HOW TO COMPLETE THIS TASK =
Each line from the one that holds "The Soho SOH-04" to the end of the records is to be retyped exactly. Pictures are not part of the copy.

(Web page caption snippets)
○ ○ ○

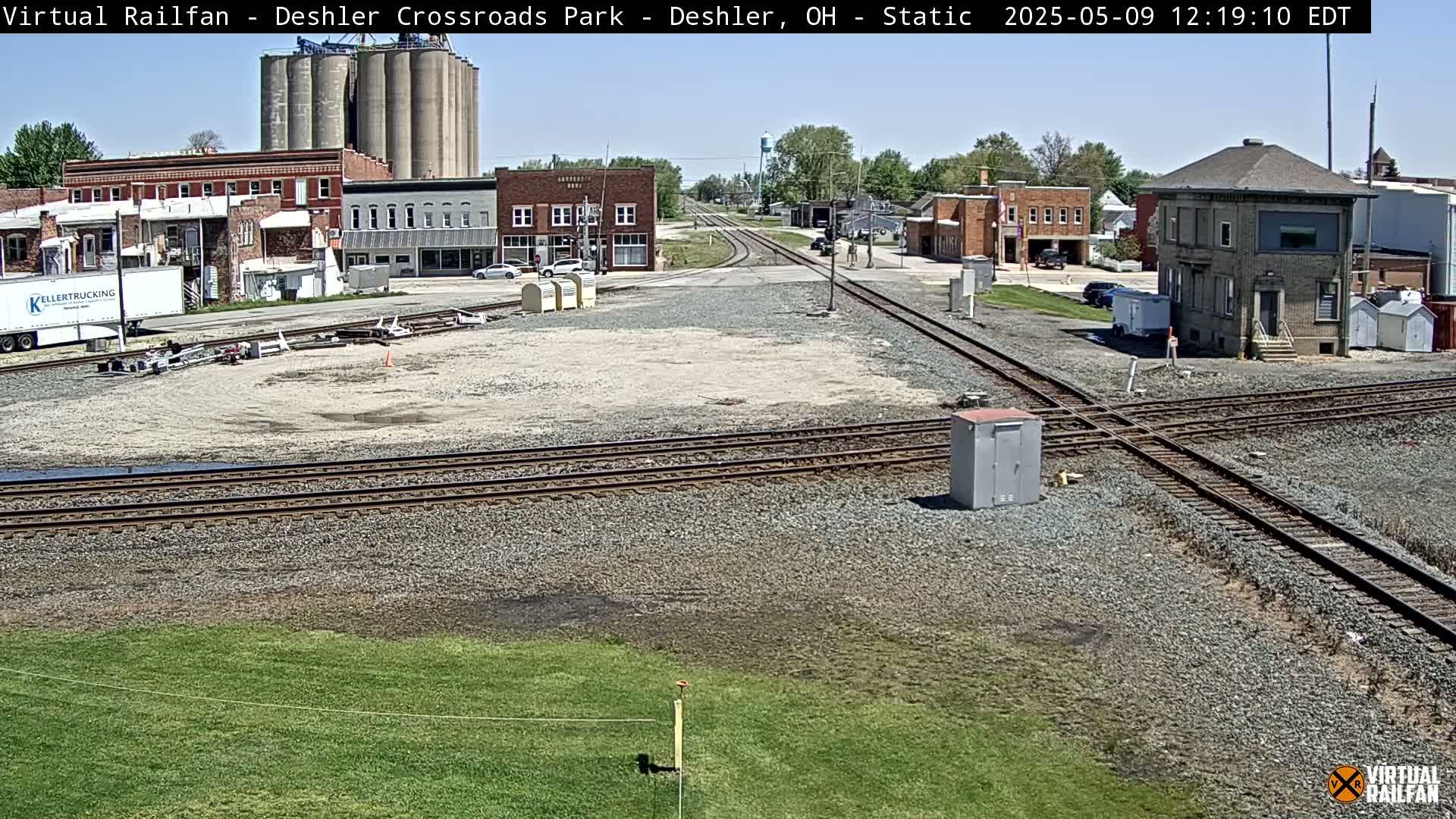 A sunny day shows a railroad crossing in a small town with grain silos, buildings, and a few cars visible.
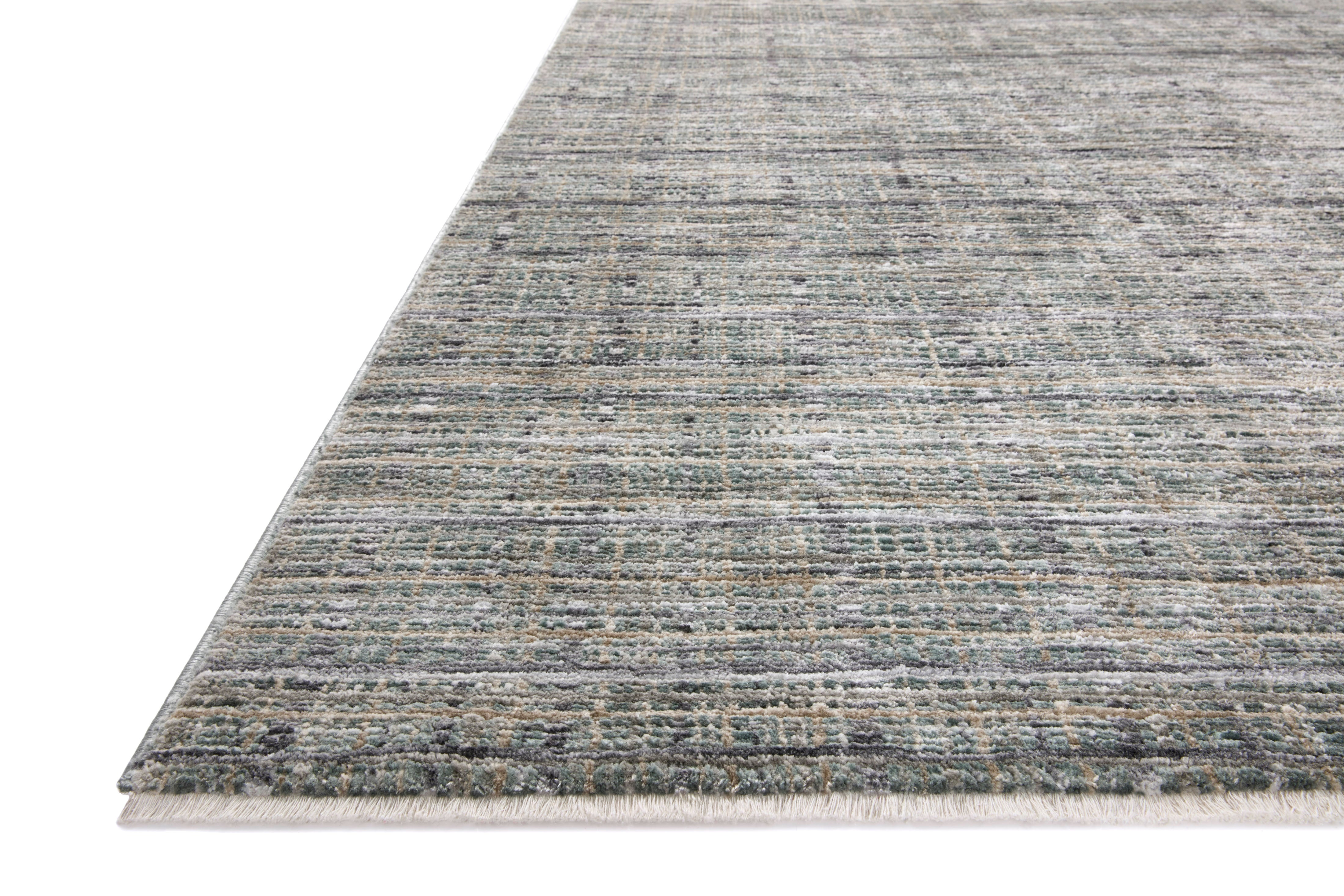 The Soho SOH-04 Jade / Stone Area Rug delivers refreshing jade and grounding stone beauty and contemporary and abstract elegance in a power-loomed 100% polyester area rug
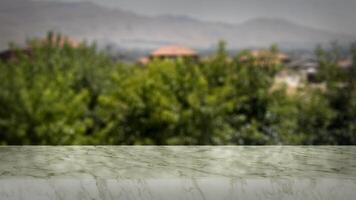 Blank marble table with naturally blurred background. Good for product arrangement photo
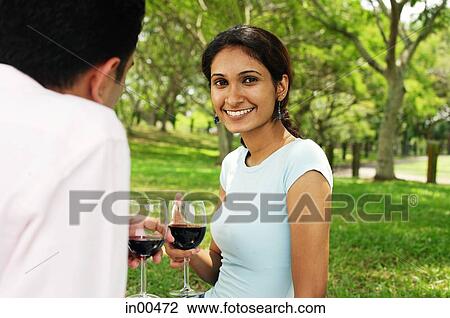 Couple holding wine glasses, woman looking at camera View Large Photo Image Stock Image - Couple holding wine glasses, woman looking at camera. Fotosearch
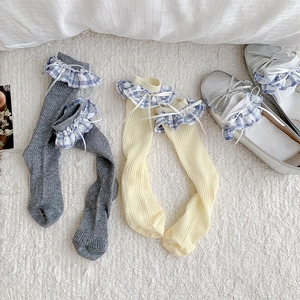 Détail de chaussettes style ballet avec dentelle à carreaux, nœuds et coton côtelé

○ ○ ○

RESULT =
 The Soho SOH-04 Jade / Stone Area Rug delivers refreshing jade and grounding stone beauty and contemporary and abstract elegance in a power-loomed 100% polyester area rug
 Blank marble table with naturally blurred background. Good for product arrangement photo
 Couple holding wine glasses, woman looking at camera View Large Photo Image Stock Image - Couple holding wine glasses, woman looking at camera. Fotosearch
 Détail de chaussettes style ballet avec dentelle à carreaux, nœuds et coton côtelé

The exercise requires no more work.